Below are a few questions my university friend challenged me to answer on an IMDB dataset.
I decided to focus on the veracity of the answers over speed as ultimately that was the big unknown in the systems I’ve worked on:
Is the ETL package doing the right thing / what is it missing?
And paraphrasing a Nick Craver Tweet
My general approach is the dumbest, simplest thing that works well
Source code, data and anwsers for this article is here and the IMDB dataset was extracted from here
Sample Questions
- How many female actors are listed
- The number of female actors and the number of male actors as a single query
- The movie titles and number of directors involved for movies with more than 6 directors
Strategy
The ‘source of truth’ data is coming from CSV files (see the source project data directory) so the first thing to do is protect these files and get them under source control.
Then I imported the CSV data with Excel (Data, Import) saving as xlsx (incluced in source project data directory), and drew a rough DB diagram on paper to trial the relationships
I used SSMS with db diagrams to enter the schema and simple 1 to many ie link table Foreign Key constraints
I used a SQL Server Database Project Visual Studio to keep the schema source controlled
- C# with CsvHelper to load in the delimited text files (Extract)
- C# to analyse the data for anomalies and fix (Transform)
- C# with Dapper to insert (Load)
- SQL to answer questions once the verified clean data was loaded
- C# to answer harder questions.

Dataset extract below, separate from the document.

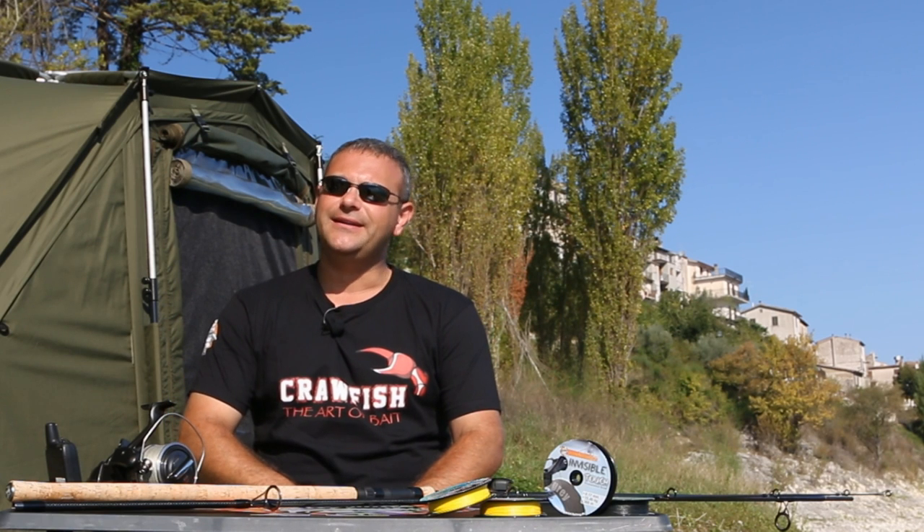What is the tool that identifies without any doubt a fisherman? Obviously it is the fishing rod. In this event we will talk about the last born at home Imperial Fishing: Max Nola Temptation MK3.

Clarity over speed, iterative code fine to start with
DB project in Visual Studio comparing source control to the (localdb)/mssqllocaldb
DB Schema
I used the same schema and naming convention as the source even though I don’t like it: Link to my article on db naming
Some observations were:
- Composite keys in link tables
- Capitalisation of columns names
ETL with C#
- Extract from CSV
- Transform and exploring - do we need any data cleansing?
- whitespace where shouldn’t be
- unusual characters - using UTF-8 in db and all queries parameterised
- custom validation
- Load using Dapper
- using the handy object mapper
- Could use SQLBulkCopy and FastMember if Dapper isn’t fast enough
Below is the salient code:
var sw = Stopwatch.StartNew()
using var db = Util.GetOpenConnection();
// A simple flag to switch on an off parts of the etl load (some took some time)
bool writeToDb = true;
if (writeToDb)
{
// clear down db first in correct order
db.Execute("DELETE FROM MoviesToDirectors");
// snip..
db.Execute("DELETE FROM Actors");
}
// 1.Extract Actors
var actors = LoadActorsFromCsv();
Console.WriteLine($"Total Actors imported from csv is {actors.Count}"); // 98,690
// Transform
foreach (var actor in actors)
{
// check for leading or trailing whitespace
if (ListStringsContainLeadingOrTrailingWhitespace(new List<string>
{actor.actorid, actor.name, actor.sex}))
Console.WriteLine($"whitespace in {actor.actorid}");
// check for interesting/bad/unusual characters that could affect results eg LF?..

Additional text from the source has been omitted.